The talloc context is the most important part of this library and is responsible for every single feature of this memory allocator. It is a logical unit which represents a memory space managed by talloc.

From the programmer's point of view, the talloc context is completely equivalent to a pointer that would be returned by the memory routines from the C standard library. This means that every context that is returned from the talloc library can be used directly in functions that do not use talloc internally. For example we can do the following:

char *str1 = strdup("I am NOT a talloc context");
char *str2 = talloc_strdup(NULL, "I AM a talloc context");
printf("%d0, strcmp(str1, str2) == 0);
free(str1);
talloc_free(str2); /* we can not use free() on str2 */

This is possible because the context is internally handled as a special fixed-length structure called talloc chunk. Each chunk stores context metadata followed by the memory space requested by the programmer. When a talloc function returns a context (pointer), it will in fact return a pointer to the user space portion of the talloc chunk. If we to manipulate this context using talloc functions, the talloc library transforms the user-space pointer back to the starting address of the chunk. This is also the reason why we were unable to use free(str2) in the previous example - because str2 does not point at the beginning of the allocated block of memory. This is illustrated on the next image:

The type TALLOC_CTX is defined in talloc.h to identify a talloc context in function parameters. However, this type is just an alias for void and exists only for semantical reasons - thus we can differentiate between void * (arbitrary data) and TALLOC_CTX * (talloc context).

Context meta data

Every talloc context carries several pieces of internal information along with the allocated memory:

  • name - which is used in reports of context hierarchy and to simulate a dynamic type system,
  • size of the requested memory in bytes - this can be used to determine the number of elements in arrays,
  • attached destructor - which is executed just before the memory block is about to be freed,
  • references to the context
  • children and parent contexts - create the hierarchical view on the memory.

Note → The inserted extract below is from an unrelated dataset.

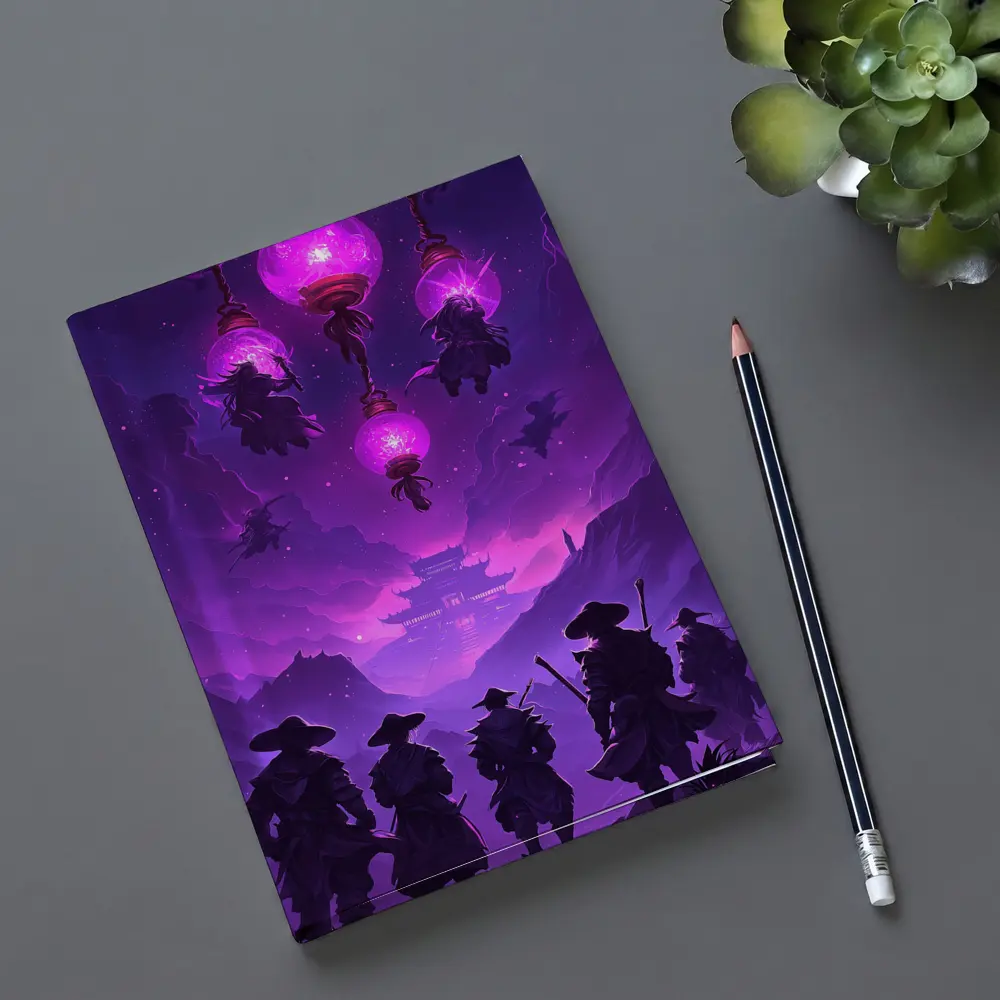 Samurai Warriors Purple Glowing Lanterns Night – Notebooks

Hierarchy of talloc context

Every talloc context contains information about its parent and children. Talloc uses this information to create a hierarchical model of memory or to be more precise, it creates an n-ary tree where each node represents a single talloc context. The root node of the tree is referred to as a top level context - a context without any parent.

This approach has several advantages:

  • as a consequence of freeing a talloc context, all of its children will be properly deallocated as well,
  • the parent of a context can be changed at any time, which results in moving the whole subtree under another node,
  • it creates a more natural way of managing data structures.

Example

We have a structure that stores basic information about a user - his/her name, identification number and groups he/she is a member of:

struct user {

uid_t uid;
char *username;
size_t num_groups;
char **groups; };

We will allocate this structure using talloc. The result will be the following context tree:

/* create new top level context */
struct user *user = talloc(NULL, struct user);
user->uid = 1000;
user->num_groups = N;
/* make user the parent of following contexts */
user->username = talloc_strdup(user, "Test user");
user->groups = talloc_array(user, char*, user->num_groups);
for (i = 0; i < user->num_groups; i++) {

/* make user->groups the parent of following context */
user->groups[i] = talloc_asprintf(user->groups,
"Test group %d", i); }

This way, we have gained a lot of additional capabilities, one of which is very simple deallocation of the structure and all of its elements.

With the C standard library we need first to iterate over the array of groups and free every element separately. Then we must deallocate the array that stores them. Next we deallocate the username and as the last step free the structure itself. But with talloc, the only operation we need to execute is freeing the structure context. Its descendants will be freed automatically.

talloc_free(user);

Always keep the hieararchy steady!

The talloc is a hierarchy memory allocator. The hierarchy nature is what makes the programming more error proof. It makes the memory easier to manage and to free. Therefore, the first thing we should have on our mind is: always project our data structures into the talloc context hierarchy.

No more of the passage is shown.